En Europe, le cerisier sauvage fait le bonheur de l’homme depuis le néolithique. Les premières traces de culture remontent, elles, au IVe siècle av. J.-C., d’abord chez les Grecs puis chez les Romains. Il était aussi aimé en Asie mineure. Mais sa véritable commercialisation commence au Moyen Âge. Outre ses fruits sucrés, l’arbre était utilisé pour son bois, afin de fabriquer des pipes notamment. Louis XV, appréciant particulièrement les cerises, poussa la France à en développer une culture intensive.
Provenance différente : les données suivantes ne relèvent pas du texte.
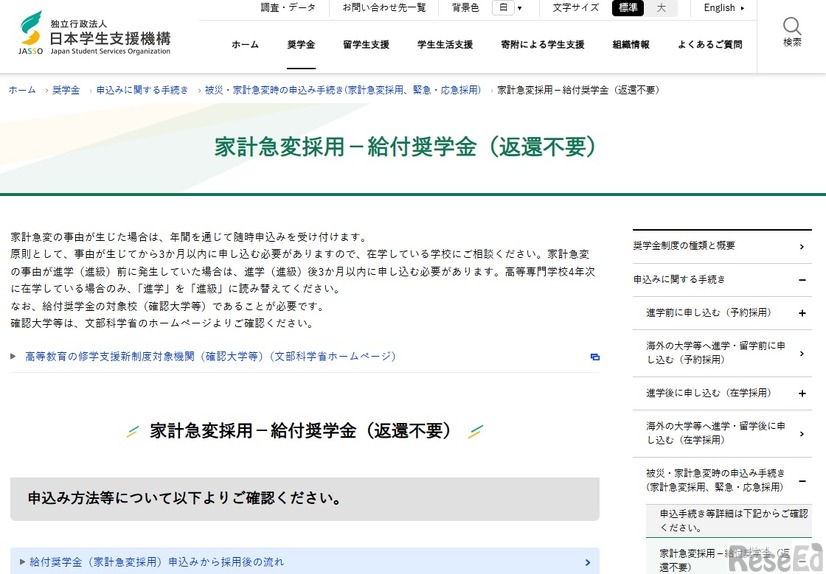 家計急変採用－給付奨学金（返還不要）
Le producteur: Grégory Donzé

Fan de tracteurs, Grégory Donzé passait, lorsqu’il était enfant, toutes ses vacances à la Ferme des Bois, propriété de son grand-père et de son grand-oncle. Cette fascination pour le monde paysan le poussera à effectuer son CFC d’agriculteur en 2012. Durant sa formation, il travaille dans différentes exploitations, allant de la production intensive de céréales et de poulet à de l’arboriculture bio. Rapidement, il empoigne le sécateur et accomplit, en 2013, un CFC d’arboriculteur en Valais. Il revient ensuite œuvrer sur le domaine familial; il crée le Verger des Bois où il s’occupe de 3 hectares de cultures de pommes, de cerises, de pruneaux et, plus récemment, d’une plantation d’asperges. En parallèle, le Genevois est membre du conseil d’administration de l’association Léman Fruits, du comité d’AgriGenève et de l’Union fruitière lémanique. Un intérêt pour la défense professionnelle qu’il tire de son amour du végétal.